However, there is no description or detail pertaining to the mechanism or role of whoever is expected to handle and manage this data. Instead, the focus lies with outbreak response and does not consider the acute use of data to manage disaster response more broadly. This problem is amplified when different actors (eg, clinical care teams, EMTCC logistics, and academic epidemiologists) require different information which is hard to provide from a rapidly assembled dataset in the field. If unsatisfactory data collection tools are distributed without relevant buy-in across the response (and consideration of resource capabilities), there is a risk that they will not be used and individual teams will design alternative, but fragmented and inefficient, ways of generating the specific data which they want.Reference Polonsky, Baidjoe and Kamvar21
The Role of the Epidemiologist and the DM in an EMT
Without reference to role descriptions, it is difficult to draw attention to the importance of documentation and data. If the role is unclear and undesignated, it is highly likely that it will either be overlooked or poorly executed. Below is provided a description of the roles of an epidemiologist and a DM in an EMT derived from available literature. The main objective of this is to provide guidance to EMTs and field hospitals when training, recruiting, and preparing DMs and epidemiologists to work within their teams. Having role descriptions does not seek to dictate whether each role could or should be adopted by the same single person or by more than one person; however, it distinguishes the separate tasks required by each role to ensure that adequate attention is paid to specific aspects of both roles.
Literature Review
A literature review was carried out to collect information about the main tasks related to the role of DM and epidemiologist in case of disaster or humanitarian intervention. The search was performed through Google Scholar (Google, LLC; Mountain View, California USA); the search engine provides not only scientific literature, but also job descriptions and advertisements. The search consisted both of a primary search using keywords and a secondary grey literature search.

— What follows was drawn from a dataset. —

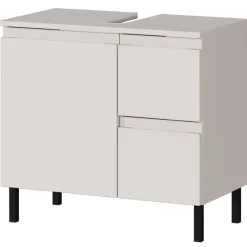 60 cm Waschbeckenschrank in Hellgrau - Dadra^Wohnen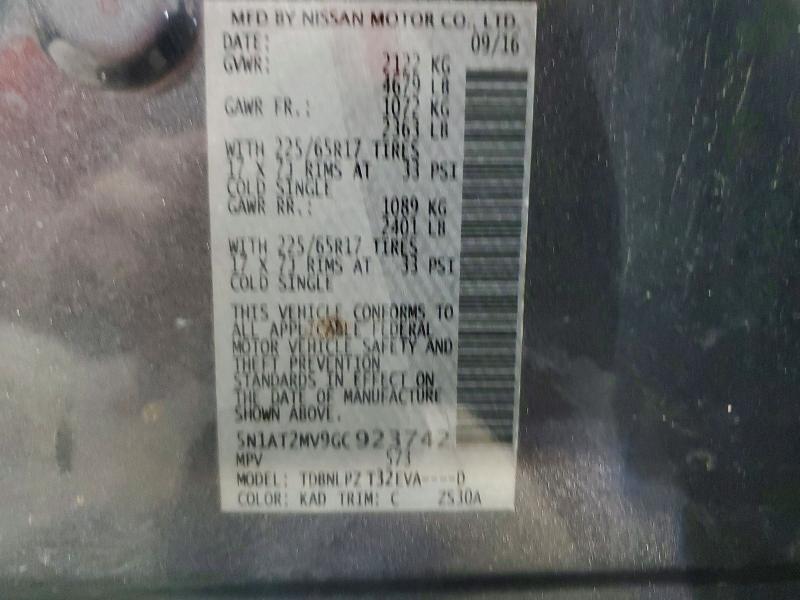 Photo 14 from auction – 2016 NISSAN ROGUE with VIN 5N1AT2MV9GC923742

The search selected English language literature using each of the following keywords: (1) data manager; (2) epidemiologist; (3) disaster; (4) humanitarian emergency; (5) field hospital; (6) job description; (7) role description; and (8) tasks. Documents containing a combination of these words were selected and reviewed by the authors (for criteria of inclusion, see Table 1).
Abbreviation: DM, data manager.
Selected studies were analyzed by the authors to extract information about the role of the DM and the epidemiologist, with a special focus on disaster and humanitarian crisis intervention.
Report
A total of 5,620 results were found; 5,597 records were excluded after reviewing the title and after duplicate removal. Of the 23 records meeting the criteria, 13 met all the criteria for the search for a description of tasks and roles (Table 2). The content of these sources contributes to the discussion of both DM and epidemiologist roles in the context of disaster response in the subsequent sections.
Abbreviations: DM, data manager; EMT, emergency medical team; EPI, epidemiologist; WHO, World Health Organization.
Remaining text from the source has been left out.